WORK INSTRUCTIONS :: Transcribe exactly the first line of the listing below and each line that follows it, ending with the line that contains "Image Memory World Cup", and omit the remainder.
>>>>>
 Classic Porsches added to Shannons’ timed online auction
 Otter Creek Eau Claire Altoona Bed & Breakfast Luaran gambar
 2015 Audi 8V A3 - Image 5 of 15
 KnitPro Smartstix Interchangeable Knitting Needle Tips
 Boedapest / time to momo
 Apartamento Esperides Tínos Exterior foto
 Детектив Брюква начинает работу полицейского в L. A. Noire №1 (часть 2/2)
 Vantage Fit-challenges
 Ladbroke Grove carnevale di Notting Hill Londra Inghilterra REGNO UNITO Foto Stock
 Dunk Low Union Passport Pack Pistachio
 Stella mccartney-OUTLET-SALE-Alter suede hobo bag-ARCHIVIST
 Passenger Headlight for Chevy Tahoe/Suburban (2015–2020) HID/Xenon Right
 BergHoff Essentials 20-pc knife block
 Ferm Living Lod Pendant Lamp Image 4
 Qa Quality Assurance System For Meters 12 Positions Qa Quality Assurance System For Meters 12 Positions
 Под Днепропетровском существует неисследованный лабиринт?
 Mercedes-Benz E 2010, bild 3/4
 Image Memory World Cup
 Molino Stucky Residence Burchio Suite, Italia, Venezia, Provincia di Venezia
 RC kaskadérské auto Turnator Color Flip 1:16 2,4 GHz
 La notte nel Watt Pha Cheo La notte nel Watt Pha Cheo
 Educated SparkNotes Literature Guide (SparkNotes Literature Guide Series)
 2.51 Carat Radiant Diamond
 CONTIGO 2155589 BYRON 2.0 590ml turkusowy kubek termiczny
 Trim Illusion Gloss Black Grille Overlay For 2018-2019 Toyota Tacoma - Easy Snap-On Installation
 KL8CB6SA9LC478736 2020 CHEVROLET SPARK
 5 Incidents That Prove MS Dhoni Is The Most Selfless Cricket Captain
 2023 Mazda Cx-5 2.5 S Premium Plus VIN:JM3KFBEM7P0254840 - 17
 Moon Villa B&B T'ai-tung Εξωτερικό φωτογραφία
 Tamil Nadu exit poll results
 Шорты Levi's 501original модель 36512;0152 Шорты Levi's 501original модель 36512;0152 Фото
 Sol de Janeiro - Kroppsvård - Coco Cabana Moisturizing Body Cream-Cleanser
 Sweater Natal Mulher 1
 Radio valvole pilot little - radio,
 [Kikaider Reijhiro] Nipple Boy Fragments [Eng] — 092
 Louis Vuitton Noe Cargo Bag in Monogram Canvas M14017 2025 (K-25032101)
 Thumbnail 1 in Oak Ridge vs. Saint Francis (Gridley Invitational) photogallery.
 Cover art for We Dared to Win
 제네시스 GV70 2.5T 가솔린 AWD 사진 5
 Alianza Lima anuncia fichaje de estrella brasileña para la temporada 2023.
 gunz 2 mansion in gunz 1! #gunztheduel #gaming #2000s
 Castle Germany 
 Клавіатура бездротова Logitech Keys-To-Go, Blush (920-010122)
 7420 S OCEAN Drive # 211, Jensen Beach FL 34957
<<<<<
SOLUTION TO THE PROBLEM ::
 Classic Porsches added to Shannons’ timed online auction
 Otter Creek Eau Claire Altoona Bed & Breakfast Luaran gambar
 2015 Audi 8V A3 - Image 5 of 15
 KnitPro Smartstix Interchangeable Knitting Needle Tips
 Boedapest / time to momo
 Apartamento Esperides Tínos Exterior foto
 Детектив Брюква начинает работу полицейского в L. A. Noire №1 (часть 2/2)
 Vantage Fit-challenges
 Ladbroke Grove carnevale di Notting Hill Londra Inghilterra REGNO UNITO Foto Stock
 Dunk Low Union Passport Pack Pistachio
 Stella mccartney-OUTLET-SALE-Alter suede hobo bag-ARCHIVIST
 Passenger Headlight for Chevy Tahoe/Suburban (2015–2020) HID/Xenon Right
 BergHoff Essentials 20-pc knife block
 Ferm Living Lod Pendant Lamp Image 4
 Qa Quality Assurance System For Meters 12 Positions Qa Quality Assurance System For Meters 12 Positions
 Под Днепропетровском существует неисследованный лабиринт?
 Mercedes-Benz E 2010, bild 3/4
 Image Memory World Cup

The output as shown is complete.